# Text Pre-Processinf and Feature Engineering

In this notebook, we will explore several methods of text classification and feature extraction, focusing on various techniques and their practical applications. Topics covered include:

- **Vector Space Representation**
- **Feature Engineering**
- **Text Pre-processing**
  - Tokenization Issues
  - Stop Words & Normalization
  - Lemmatization & Stemming
- **Real World Issues**

In [None]:
!pip install nltk

In [None]:
# Import necessary libraries
import numpy as np
import pandas as pd
from sklearn.feature_extraction.text import CountVectorizer, TfidfVectorizer
from sklearn.model_selection import train_test_split
from sklearn.naive_bayes import MultinomialNB
from sklearn.metrics import accuracy_score, classification_report
import nltk
from nltk.tokenize import word_tokenize
from nltk.corpus import stopwords
from nltk.stem import PorterStemmer, WordNetLemmatizer
import string

In [None]:
# Download necessary NLTK resources
#nltk.download('punkt')
#nltk.download('stopwords')
#nltk.download('wordnet')
nltk.download('all')

## Vector Space Representation

Text classification can be viewed as a vector space model where documents are represented as vectors in a multi-dimensional space. Each dimension corresponds to a term in the document corpus. We will explore **CountVectorizer** and **TF-IDF** as methods for feature extraction in text classification.

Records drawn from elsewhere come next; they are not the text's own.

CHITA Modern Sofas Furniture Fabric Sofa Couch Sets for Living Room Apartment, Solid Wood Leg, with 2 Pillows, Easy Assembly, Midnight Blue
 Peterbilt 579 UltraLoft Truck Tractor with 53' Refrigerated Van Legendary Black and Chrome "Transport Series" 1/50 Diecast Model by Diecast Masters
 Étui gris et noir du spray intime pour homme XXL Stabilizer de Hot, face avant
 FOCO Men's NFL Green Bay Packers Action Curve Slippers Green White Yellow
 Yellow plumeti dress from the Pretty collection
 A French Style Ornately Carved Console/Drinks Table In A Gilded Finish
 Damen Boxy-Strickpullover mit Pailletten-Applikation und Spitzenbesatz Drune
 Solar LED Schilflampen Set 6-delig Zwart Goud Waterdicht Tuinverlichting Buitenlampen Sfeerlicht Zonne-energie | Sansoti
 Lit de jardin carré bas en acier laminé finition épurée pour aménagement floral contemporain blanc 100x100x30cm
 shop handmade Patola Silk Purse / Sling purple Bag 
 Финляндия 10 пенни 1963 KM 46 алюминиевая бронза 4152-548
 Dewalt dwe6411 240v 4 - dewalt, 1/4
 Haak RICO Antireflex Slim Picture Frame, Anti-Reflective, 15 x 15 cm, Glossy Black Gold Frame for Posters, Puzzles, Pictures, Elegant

### Sample text documents for demonstration

In [None]:
# Sample text documents for demonstration
documents = [
    "Data Mining involves discovering patterns in large datasets to extract useful knowledge.",
    "Data Science is a multidisciplinary field that uses scientific methods to extract knowledge from structured and unstructured data.",
    "Machine Learning is a subset of Artificial Intelligence that enables systems to learn from data and improve without explicit programming.",
    "Artificial Intelligence refers to the simulation of human intelligence in machines that are programmed to think and learn."
]


### Increse similarity between documents

In [None]:
# Increse similarity between documents
documents = [
    "Data Mining involves discovering patterns in large datasets, applying scientific methods to extract useful knowledge and insights from both structured and unstructured data.",
    "Data Science is a multidisciplinary field that uses scientific methods, algorithms, and systems to extract knowledge and insights from both structured and unstructured data, similar to Data Mining.",
    "Machine Learning, a subset of Artificial Intelligence, uses algorithms and statistical models to learn from data and improve predictions or decisions without explicit programming, closely related to Data Mining and Data Science.",
    "Artificial Intelligence encompasses systems that simulate human intelligence, including machine learning algorithms that learn from data to improve performance, making it closely related to Data Mining, Data Science, and Machine Learning."
]


### Use CountVectorizer to transform text into feature vectors

In [None]:
# Use CountVectorizer to transform text into feature vectors
vectorizer = CountVectorizer()
X = vectorizer.fit_transform(documents)

# Display the feature vectors
X.toarray()

## Feature Engineering

Feature engineering is a crucial step in text classification. The raw text data must be transformed into numerical features that machine learning models can process. We will explore methods like tokenization, removing stop words, and normalization of terms.

In [None]:
# Tokenization and Stop Words Removal
nltk.download('all')
stop_words = set(stopwords.words('english'))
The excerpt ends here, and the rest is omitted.